— Data for analysis —
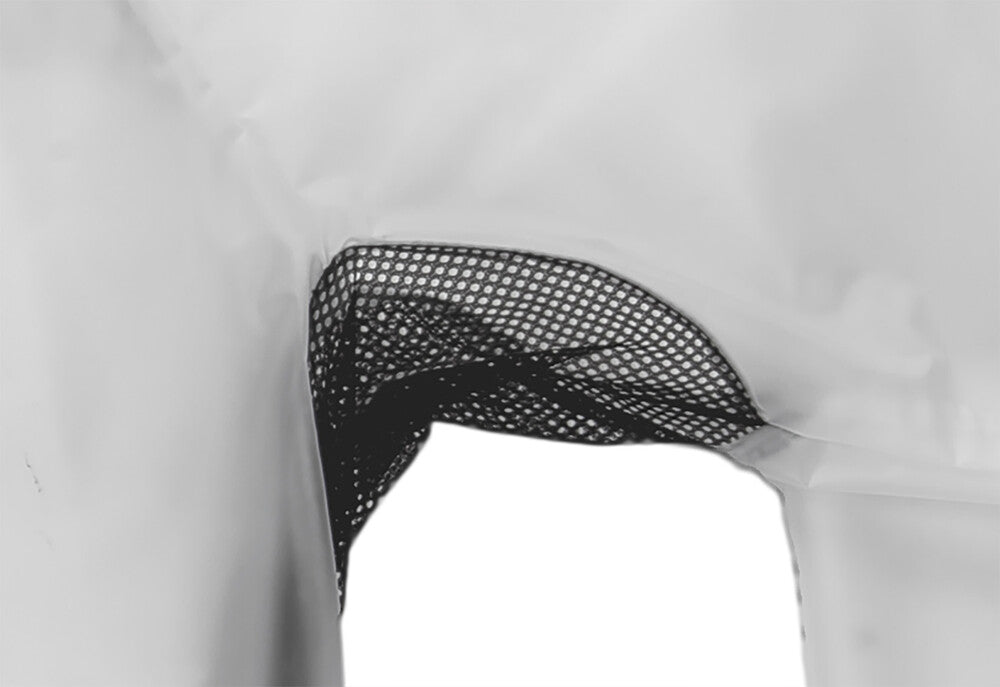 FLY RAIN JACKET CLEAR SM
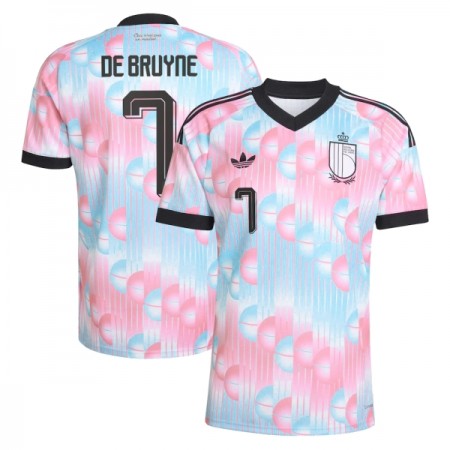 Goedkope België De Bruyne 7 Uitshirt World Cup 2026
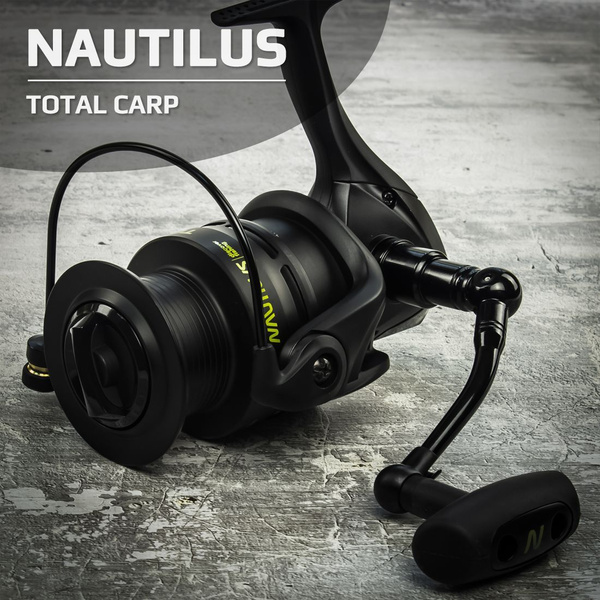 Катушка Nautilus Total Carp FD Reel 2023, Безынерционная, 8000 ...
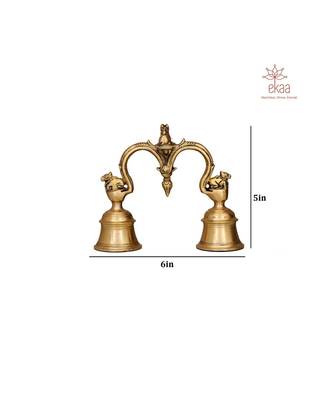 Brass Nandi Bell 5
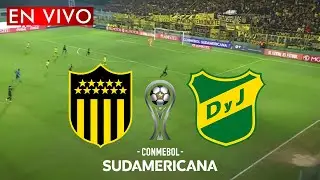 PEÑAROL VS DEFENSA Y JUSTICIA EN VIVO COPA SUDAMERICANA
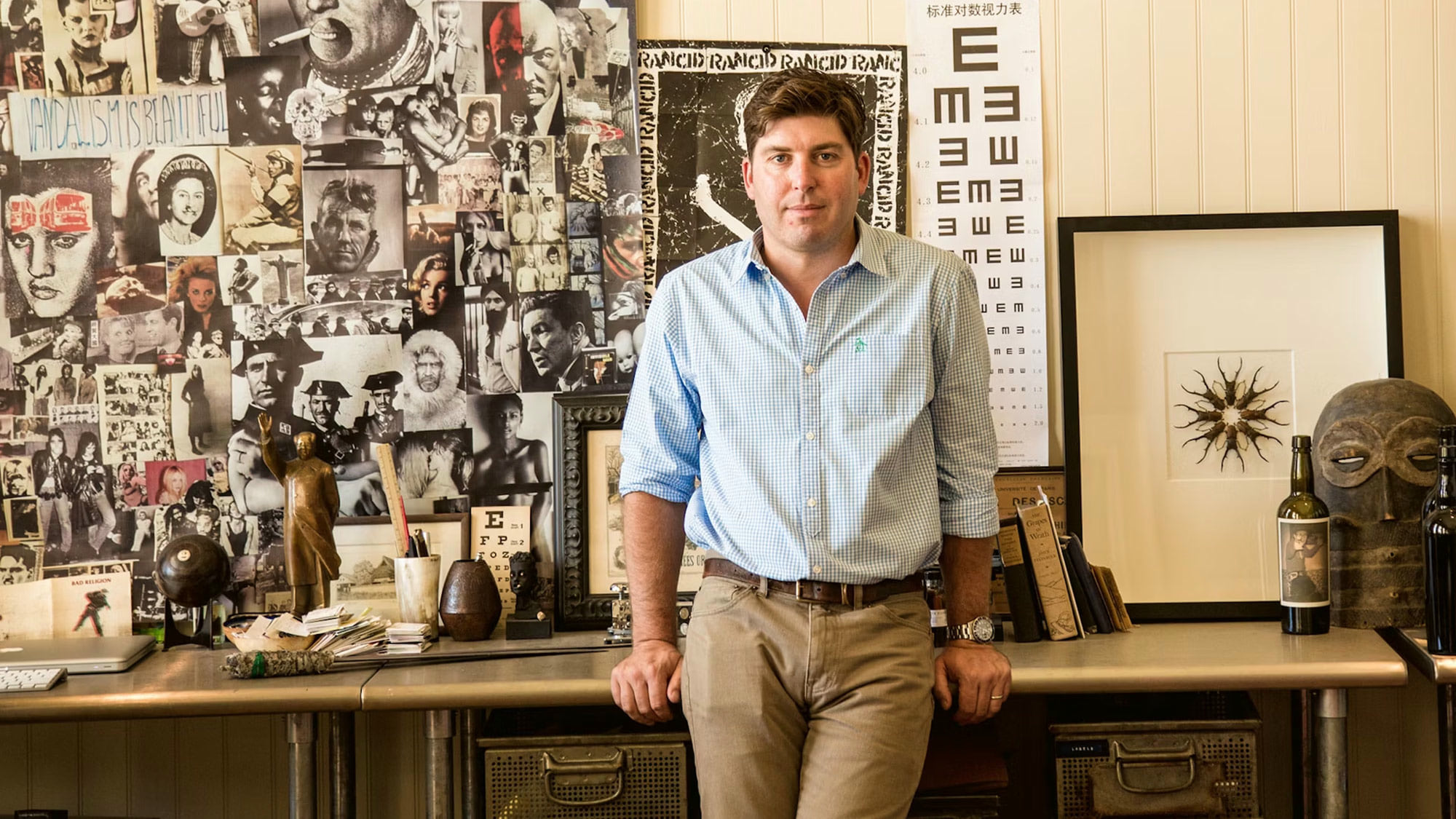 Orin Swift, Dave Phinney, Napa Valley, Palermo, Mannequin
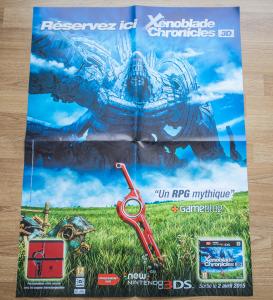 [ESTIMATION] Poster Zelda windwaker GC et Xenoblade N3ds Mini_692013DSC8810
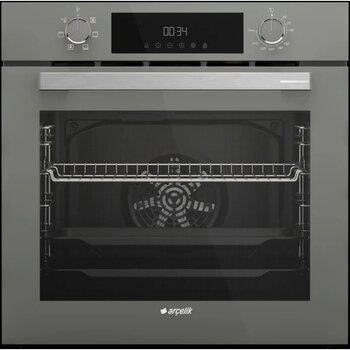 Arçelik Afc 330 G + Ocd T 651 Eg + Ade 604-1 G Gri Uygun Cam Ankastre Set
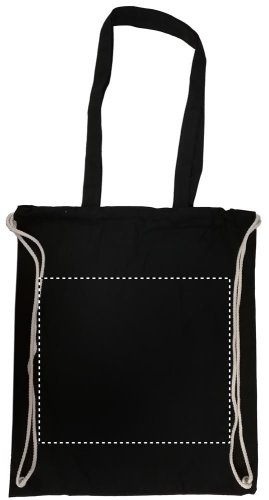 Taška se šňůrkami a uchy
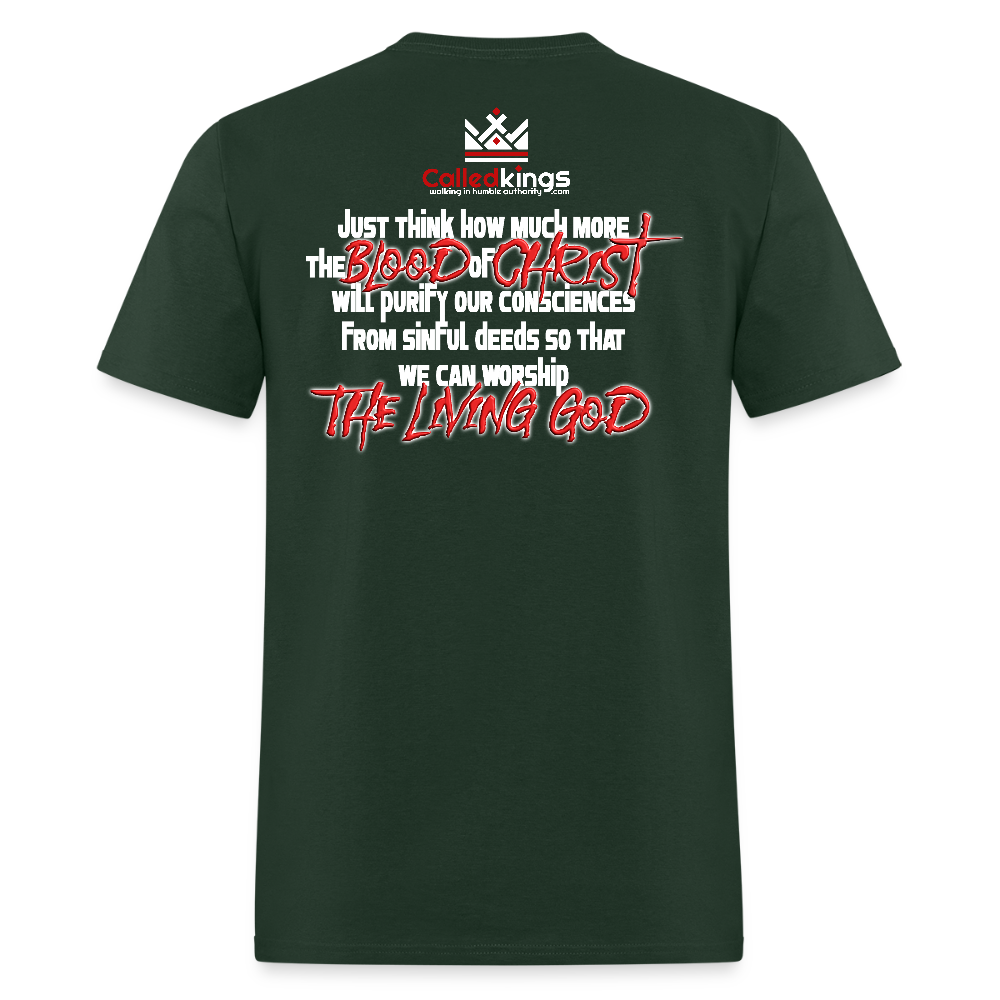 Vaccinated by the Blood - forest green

— What is expected —
An exact copy is needed of every line from the line containing "[ESTIMATION] Poster Zelda" to the last line of the records; pictures stay out of it.

— Exercise answer —
 [ESTIMATION] Poster Zelda windwaker GC et Xenoblade N3ds Mini_692013DSC8810
 Arçelik Afc 330 G + Ocd T 651 Eg + Ade 604-1 G Gri Uygun Cam Ankastre Set
 Taška se šňůrkami a uchy
 Vaccinated by the Blood - forest green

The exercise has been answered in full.